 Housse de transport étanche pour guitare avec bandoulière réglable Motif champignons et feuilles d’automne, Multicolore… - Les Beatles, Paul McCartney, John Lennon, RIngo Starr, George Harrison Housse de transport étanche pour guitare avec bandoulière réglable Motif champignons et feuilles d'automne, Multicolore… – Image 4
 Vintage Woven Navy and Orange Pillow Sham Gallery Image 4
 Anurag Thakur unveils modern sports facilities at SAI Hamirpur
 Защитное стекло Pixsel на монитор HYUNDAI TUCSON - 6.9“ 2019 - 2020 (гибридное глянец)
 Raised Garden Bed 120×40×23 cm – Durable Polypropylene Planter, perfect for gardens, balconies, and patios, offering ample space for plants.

**WHAT THE TASK ASKS**
Lines of the listing above that hold the string "Image" should each be copied.

**OUTPUT**
 Housse de transport étanche pour guitare avec bandoulière réglable Motif champignons et feuilles d’automne, Multicolore… - Les Beatles, Paul McCartney, John Lennon, RIngo Starr, George Harrison Housse de transport étanche pour guitare avec bandoulière réglable Motif champignons et feuilles d'automne, Multicolore… – Image 4
 Vintage Woven Navy and Orange Pillow Sham Gallery Image 4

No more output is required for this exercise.